BRIEF DESCRIPTION OF THE DRAWINGS
The appended claims set forth those novel features which
characterize the invention. However, the invention itself, as well
as further objects and advantages thereof, will best be understood
by reference to the following detailed description of a preferred
embodiment taken in conjunction with the accompanying drawings,
where like reference characters identify like elements throughout
the various figures, in which:
FIG. 1 is a side view of a floor scrubbing machine for carrying out
the present invention, but otherwise simplified, with the brush
shown in vertical cross section, and with the brush in the raised
or transport position;
FIG. 2 is a view similar to FIG. 1, with the brush in the lowered
or use position;
FIG. 3 is a vertical sectional view showing the motor, drive hub
and brush in vertical cross section (along a plane through the axis
of rotation of the brush extending in the direction of travel) and
with the motor shown diagrammatically;
FIG. 4 is an upper perspective cross section view of the drive hub
assembly;
FIG. 5 is a view similar to FIG. 4, taken from a lower perspective
of the drive hub;
FIG. 6 is a circuit schematic diagram of the electrical control
circuit for the machine of FIG. 1 in the Transport Mode;
FIG. 7 is an elevation view of the rear panel of a mobile floor
cleaning machine for use in carrying out the present invention;
FIG. 8 is a simplified side elevation view of a floor cleaning
machine in accordance with the principles of the present invention;
and
FIG. 9 is a simplified sectional view of an ozone cell for use in
the present invention.
DETAILED DESCRIPTION OF THE PREFERRED EMBODIMENT
Referring first to FIG. 1, reference numeral 10 generally
designates a typical floor scrubbing machine for carrying out the
present invention. The machine includes an outer housing or casing
11 and is supported by forward wheels 12, as well as two rear
caster wheels 13. Some machines may only employ two wheels such as
a carpet extractor. In addition, this invention can be used on very
hard floors such as of hardwood, tile, concrete, etc., as well as
on soft surfaces such as of plush carpeting or other soft material
and can also be used on a wide range of floor textures.

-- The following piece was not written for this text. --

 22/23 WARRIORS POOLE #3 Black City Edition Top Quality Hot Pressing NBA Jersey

Within the housing 11 are batteries for powering the machine, a
reservoir of cleaning fluid for application to the scrub brush or
directly to the floor, with a rear suction device for recovering
spent solution and a storage tank for tile spent solution, all of
which are conventional and not shown in detail. While the floor
scrubbing machine in the described embodiment is powered by
batteries, it could equally as well be powered by an AC voltage
source. However, this latter embodiment is not described for the
sake of brevity and simplicity, as the cleaning machine could
easily be adapted for AC operation by one skilled in the art.

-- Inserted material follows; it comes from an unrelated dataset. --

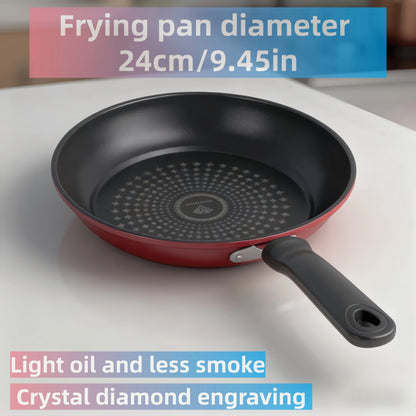 Pan non-stick pan universal induction cooker gas stove suitable for household fried eggs steak pancake pan small wok frying pan.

An operator's handle 16 is rigidly mounted to the frame permitting
the operator to maneuver the machine. Forward of the handle 16 is
an actuator 17, controlled by the operator, which closes an
Operator Run switch 17A (See the schematic of FIG. 6) when
actuated. Actuator 17 may be a manually operated bail adjacent the
operator's hand, and pivotally connected to the machine so that the
operator can simply squeeze the pivoting actuator handle 17 toward
the fixed handle 16 to actuate the Operator Run switch (to be
further described within) and power the scrub brush in the lowered
position of FIG. 2.
Also mounted on the operator's console, adjacent the handle 16 (so
as to be conveniently accessible to the operator) is a Keyswitch 18
(diagrammatically shown and designated 124 in the electrical
schematic, FIG. 6), which is a rotary switch temporarily actuated
by a key and biased to an "off position, to be described further
within. It will be appreciated, however, that the Keyswitch 18 is
readily accessible to the operator when he or she is positioned at
the operator's station behind the machine (to the right in FIG.
1).
Turning now to the lower forward portion of the machine, a scrub
brush generally designated 20, is mounted to a drive shaft
connected to a motor 22. At the lower end of the drive shaft
(designated 34 in FIG. 3) there is mounted a hub assembly generally
designated 24. The motor 22 is mounted above a deck 26 which houses
the brush 20. The motor and deck are carried by the frame of the
machine 10 by means of a lift linkage in the form of a four-bar or
parallel linkage generally designated 28. A lever 29 provided with
an actuating foot pedal 30 immediately in front of the operator's
station is pivotally connected at 32 to the frame of the machine
10. The forward end of the lever 29 forms the lower link of the
four bar linkage 28 so that when the operator depresses the foot
pedal 30, the motor 22, brush 20 and deck 26 are lifted to the
raised position shown in FIG. 1 for storage or transport.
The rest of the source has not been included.